Wednesday, November 19, 2008

y'all know me

....probably actually almost as well as some of my "real life" friends know me.

So I have a question for you. I've been seeing lots 'o' folks referring to the novel "Atlas Shrugged," and apparently, it's going to be a new cultural wave (if what I'm reading is correct), and perhaps it would be good to know more about it. (I understand the basic idea: John Galt gets pissed off at the "parasites" and goes counter-culture).

So here's the question: Should I read "Atlas Shrugged"? Is it something I really need in my knowledge store? Or is it something, like Gulliver's Travels, that I will get depressed by and give up on when bad stuff goes on in my life concomitant with reading the novel?

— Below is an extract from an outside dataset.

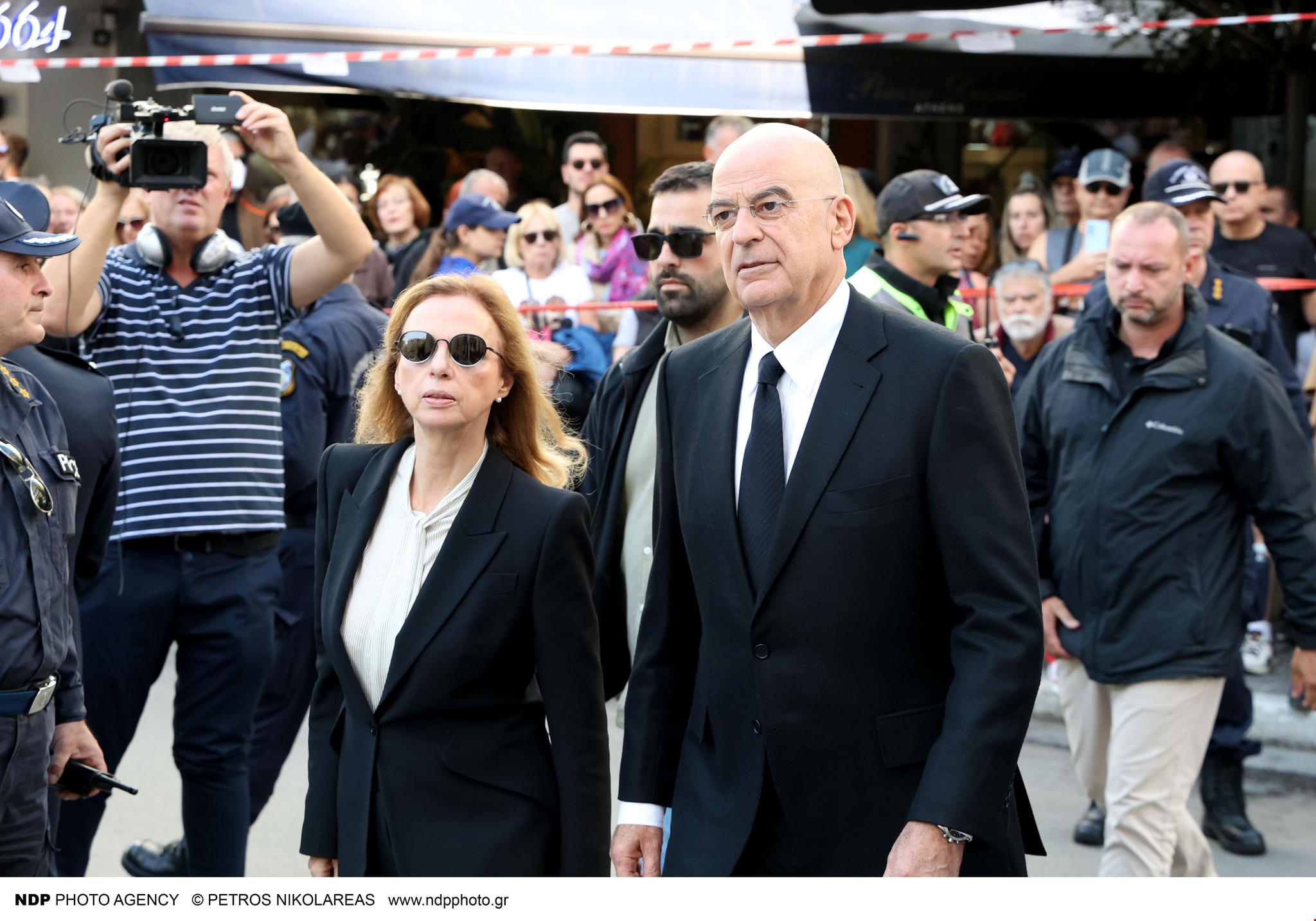 Ο Νίκος Δένδιας με τη σύζυγό του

Also, is it really really dense? Like, fruitcake-dense? I can hack 1000 pages, but not easily if it's a really dense read - I read right before bed and if it's a slow slog, I probably won't stick with it.

I'm curious, because I finished the current mystery novel, I'm getting close to the end of Pickwick Papers (which I love and which makes me chuckle on a regular basis. I so would like to inhabit that world. Well, maybe that world but with better hygiene and antibiotics, but you know what I mean...) So I'm kind of looking around and contemplating which book to read next. I have several lined up*, but could always buy a copy of Atlas Shrugged** and read that first.

So, comments: yes/no? Will I hate it? Will it be "good for me"? Is there something better I should read instead?


(* The Red and the Black, Slammerkin, Georges (a novel by Dumas that I had never heard of but which sounds interesting), the rest of the Thursday Next books...)

(**And if I'm buying it, it will have to be before any rumored "credit card bailout" comes. 'Cause if that happens, I am still, as I said, going Laura Ingalls and stopping my consumption of other than the bare necessities. Just as a little protest. And I might cut up my Kohl's credit card and send it back to them as well).

4 comments:

John Holton said...

I've tried on numerous occasions to read "Atlas Shrugged", and can't seem to get into it. Ayn Rand could have used a good editor. (I realize that's either heresy or blasphemy, but that's how I see it.) You might have better luck with it, but I think you have the general idea of the story.

Anonymous said...

I'm commenting too often lately, but indulge me one more time and then I'll restrain myself (for a while).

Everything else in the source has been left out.